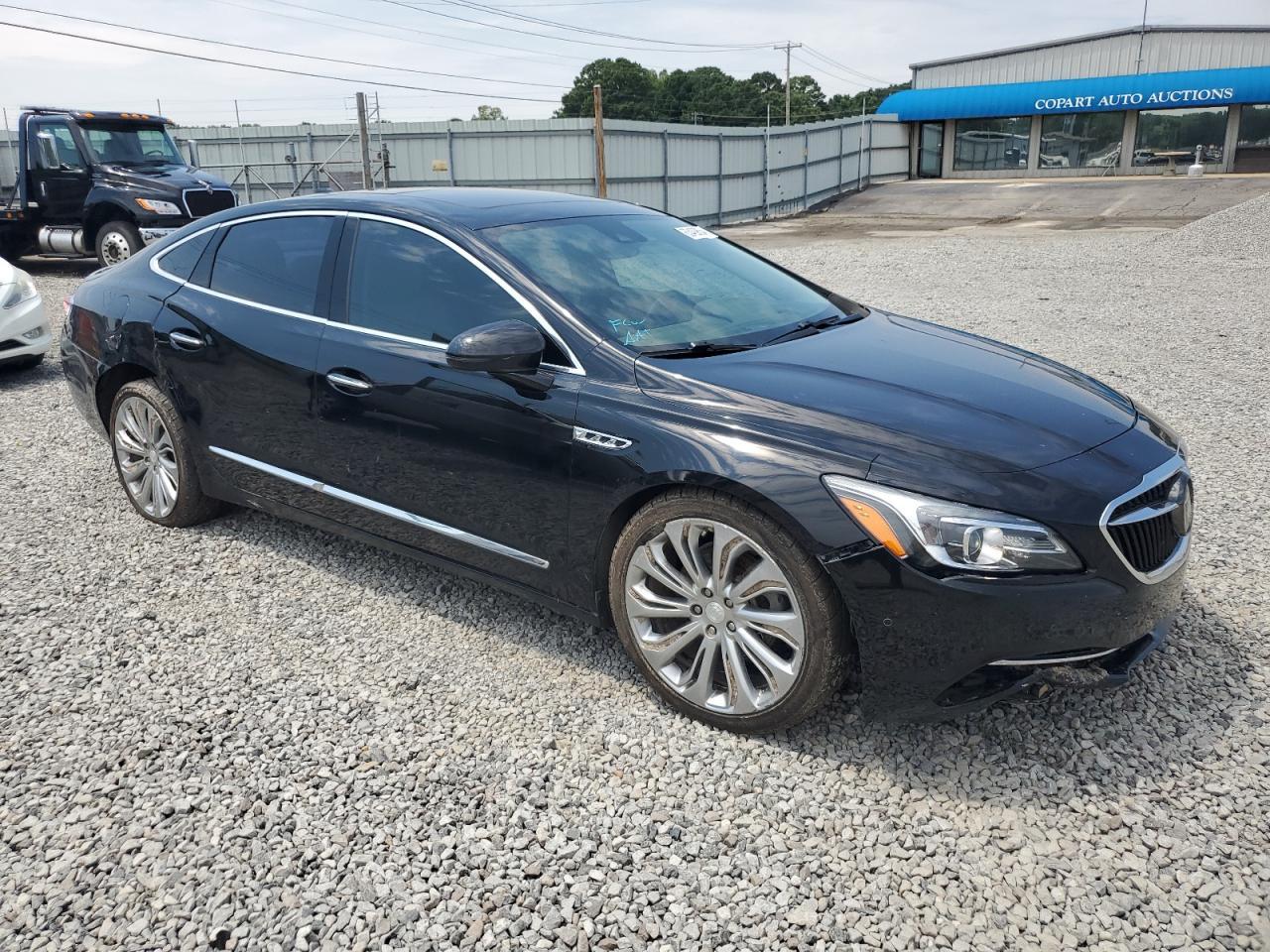 2017 Buick Lacrosse Premium - Фото 4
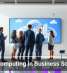 Cloud Computing in Business Scalability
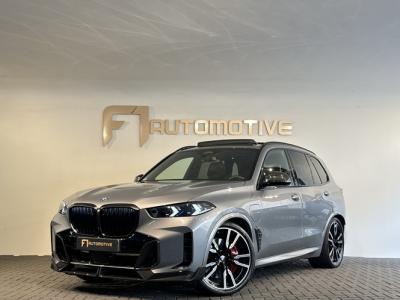 Financial Lease BMW X5 XDrive50e Pano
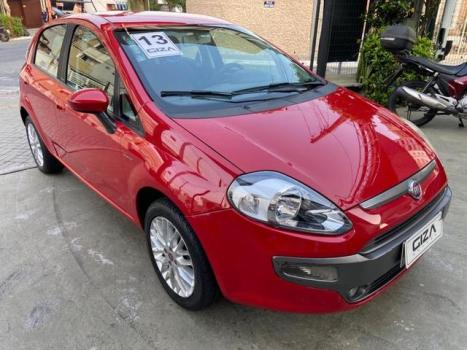 FIAT Punto 1.6 16V 4P FLEX ESSENCE DUALOGIC AUTOMATIZADO, Foto 1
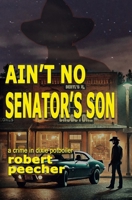 Ain't No Senator's Son: a crime in dixie potboiler (A Barnett Lowery Deep-Fried Southern Justice Novel) B0F2T7J5RP Book Cover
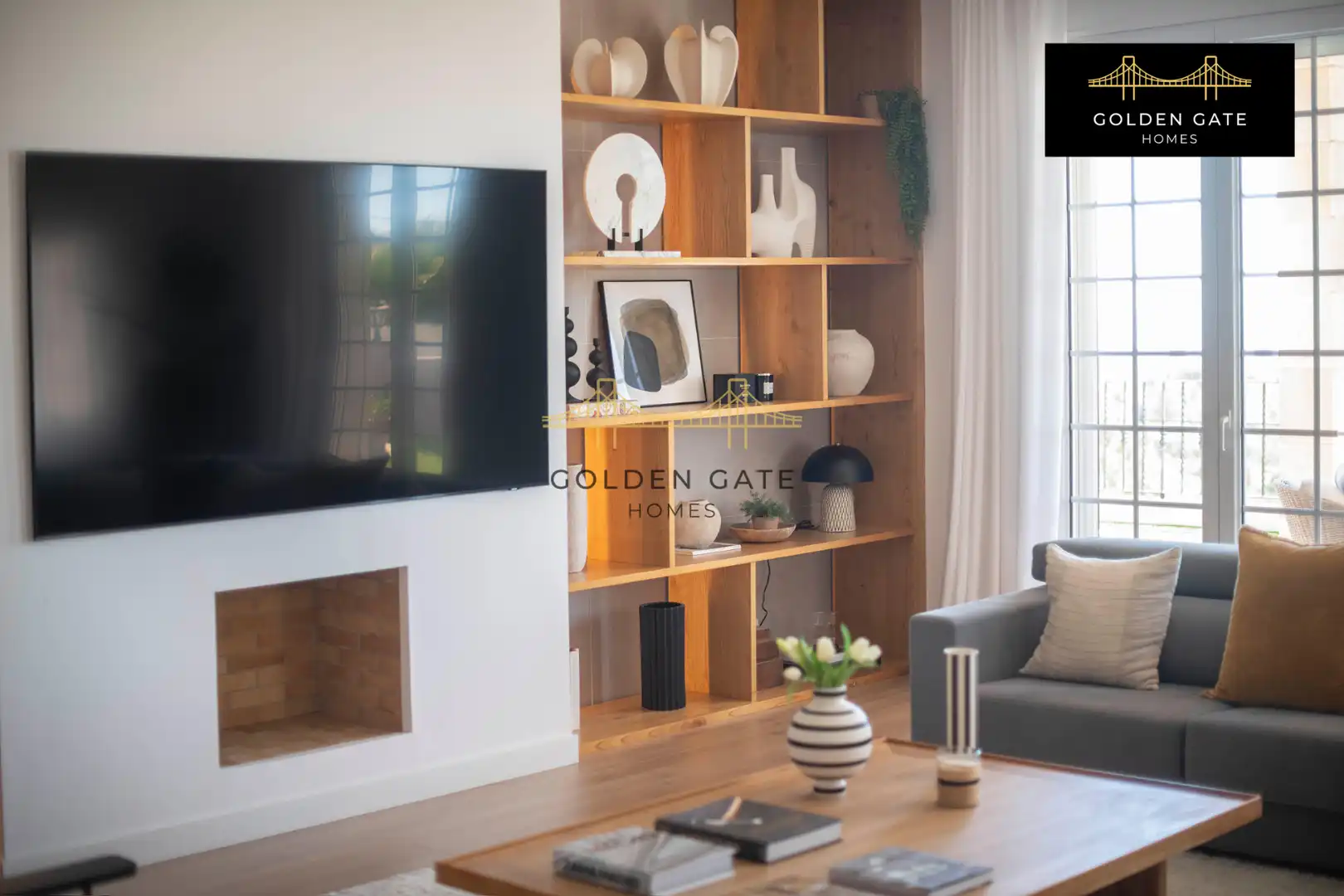Sala de estar de Casa o chalet en venta en Badalona con Aire acondicionado, Calefacción y Jardín privado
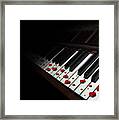 If Music Be The Food Of Love... Play On Framed Print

What is being asked:
Output all of the data word for word, excluding any pictures.

Output below:
 2017 Buick Lacrosse Premium - Фото 4
 Cloud Computing in Business Scalability
 Financial Lease BMW X5 XDrive50e Pano
 FIAT Punto 1.6 16V 4P FLEX ESSENCE DUALOGIC AUTOMATIZADO, Foto 1
 Ain't No Senator's Son: a crime in dixie potboiler (A Barnett Lowery Deep-Fried Southern Justice Novel) B0F2T7J5RP Book Cover
Sala de estar de Casa o chalet en venta en Badalona con Aire acondicionado, Calefacción y Jardín privado
 If Music Be The Food Of Love... Play On Framed Print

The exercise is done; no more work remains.